Although bubble sort is one of the simplest sorting algorithms to understand and implement, its O(n^{2}) complexity means that its efficiency decreases dramatically on lists of more than a small number of elements. Even among simple O(n^{2}) sorting algorithms, algorithms like insertion sort are usually considerably more efficient.

Due to its simplicity, bubble sort is often used to introduce the concept of an algorithm, or a sorting algorithm, to introductory computer science students. However, some educators such as Owen Astrachan have gone to great lengths to disparage bubble sort and its continued popularity in computer science education, recommending that it no longer even be taught.

The Jargon File, which famously calls bogosort "the archetypical [sic] perversely awful algorithm", also calls bubble sort "the generic bad algorithm". Donald Knuth, in The Art of Computer Programming, concluded that "the bubble sort seems to have nothing to recommend it, except a catchy name and the fact that it leads to some interesting theoretical problems", some of which he then discusses.

Bubble sort is asymptotically equivalent in running time to insertion sort in the worst case, but the two algorithms differ greatly in the number of swaps necessary. Experimental results such as those of Astrachan have also shown that insertion sort performs considerably better even on random lists. For these reasons, many modern algorithm textbooks avoid using the bubble sort algorithm in favor of insertion sort.

Bubble sort also interacts poorly with modern CPU hardware. It produces at least twice as many writes as insertion sort, twice as many cache misses, and asymptotically more branch mispredictions. Experiments by Astrachan sorting strings in Java show bubble sort to be roughly one-fifth as fast as an insertion sort and 70% as fast as a selection sort.

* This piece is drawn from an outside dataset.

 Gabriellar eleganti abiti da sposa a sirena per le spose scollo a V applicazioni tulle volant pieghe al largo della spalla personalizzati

In computer graphics, bubble sort is popular for its capability to detect a very small error (like a swap of just two elements) in almost-sorted arrays and fix it with just linear complexity (2n). For example, it is used in a polygon filling algorithm, where bounding lines are sorted by their x coordinate at a specific scan line (a line parallel to the x axis), and with incrementing y, their order changes (two elements are swapped) only at intersections of two lines. Bubble sort is a stable sort algorithm, like insertion sort.

== Variations ==
- Odd–even sort is a parallel version of bubble sort, for message-passing systems.
- Passes can be from right to left, rather than left to right. This is more efficient for lists with unsorted items added to the end.
- Cocktail shaker sort alternates leftwards and rightwards passes.
- Comb sort is a modification bubble sort in the same way shell sort modifies insertion sort

== Debate over name ==
Bubble sort has been occasionally referred to as a "sinking sort".

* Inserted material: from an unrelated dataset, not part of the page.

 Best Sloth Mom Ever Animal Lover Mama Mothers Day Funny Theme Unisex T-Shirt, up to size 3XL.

For example, Donald Knuth describes the insertion of values at or towards their desired location as letting "[the value] settle to its proper level", and that "this method of sorting has sometimes been called the sifting or sinking technique.

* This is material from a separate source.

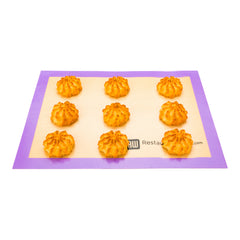 Rectangle Tan and Purple Silicone Half Size Baking Mat - Allergen Safe, Color-Coded - 11 3/4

This debate is perpetuated by the ease with which one may consider this algorithm from two different but equally valid perspectives:
1. The larger values might be regarded as heavier and therefore be seen to progressively sink to the bottom of the list
2. The smaller values might be regarded as lighter and therefore be seen to progressively bubble up to the top of the list.

== In popular culture ==
In a 2007 interview, former Google CEO Eric Schmidt asked then-presidential candidate Barack Obama about the best way to sort one million integers; Obama paused for a moment and replied: "I think the bubble sort would be the wrong way to go."